MATERIAL FOR THIS EXERCISE
+ + + +

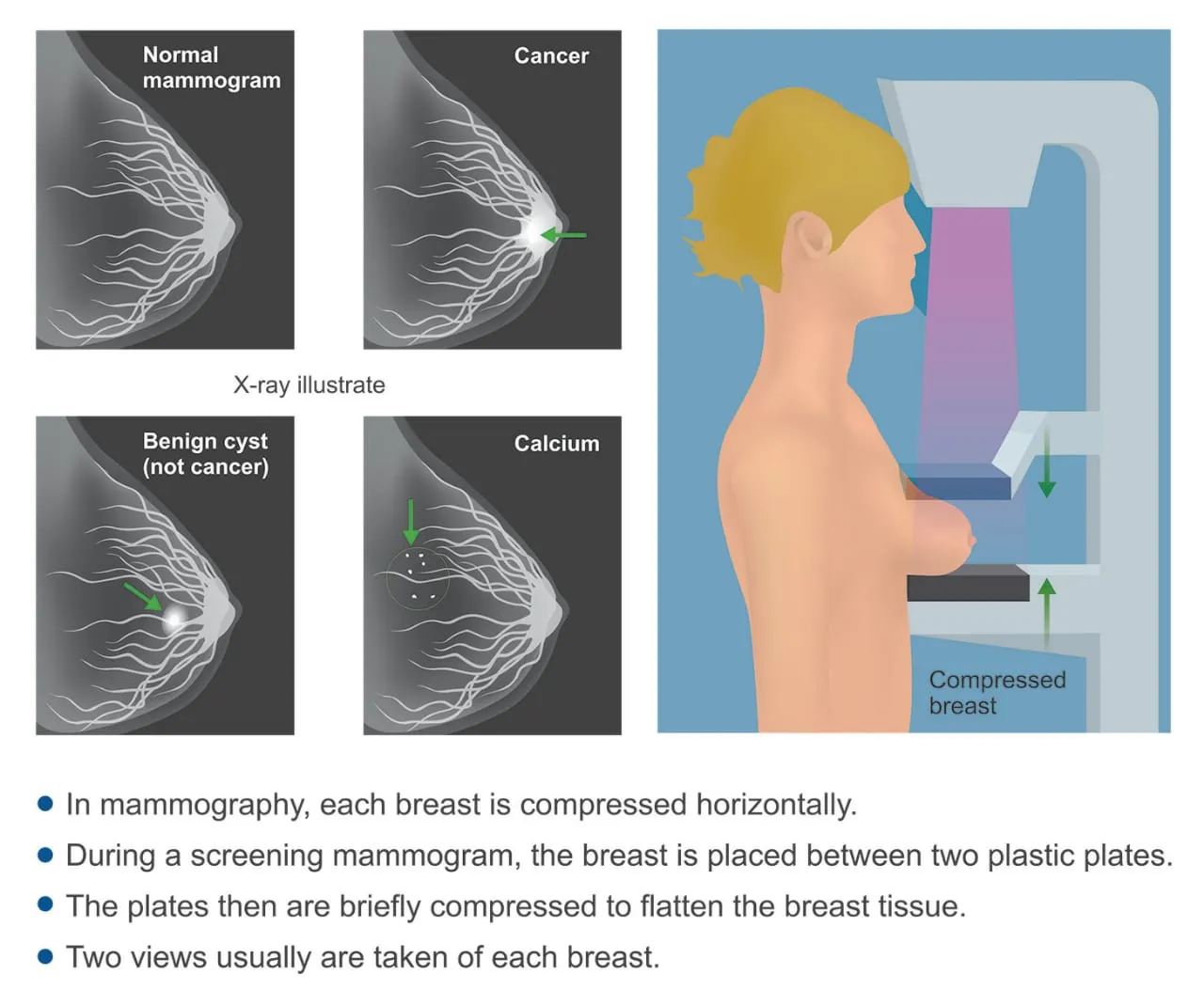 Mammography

+ + + +

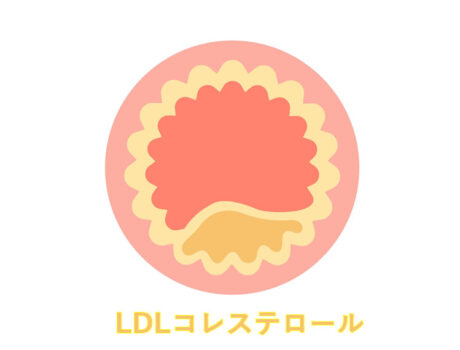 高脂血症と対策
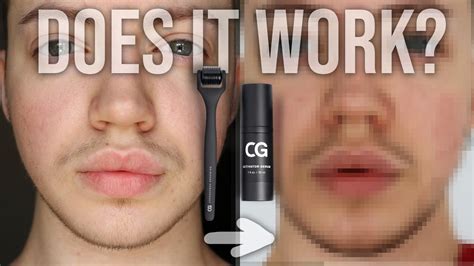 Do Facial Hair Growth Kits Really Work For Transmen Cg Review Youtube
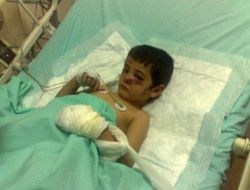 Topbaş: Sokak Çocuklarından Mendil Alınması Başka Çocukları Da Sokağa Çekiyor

+ + + +

TASK TO COMPLETE
Produce an exact reproduction of the listing above, limited to the lines starting at the line with "Do Facial Hair" and ending at the line with "Topbaş: Sokak Çocuklarından", both kept, with every picture left out.

WRITTEN SOLUTION
 Do Facial Hair Growth Kits Really Work For Transmen Cg Review Youtube
 Topbaş: Sokak Çocuklarından Mendil Alınması Başka Çocukları Da Sokağa Çekiyor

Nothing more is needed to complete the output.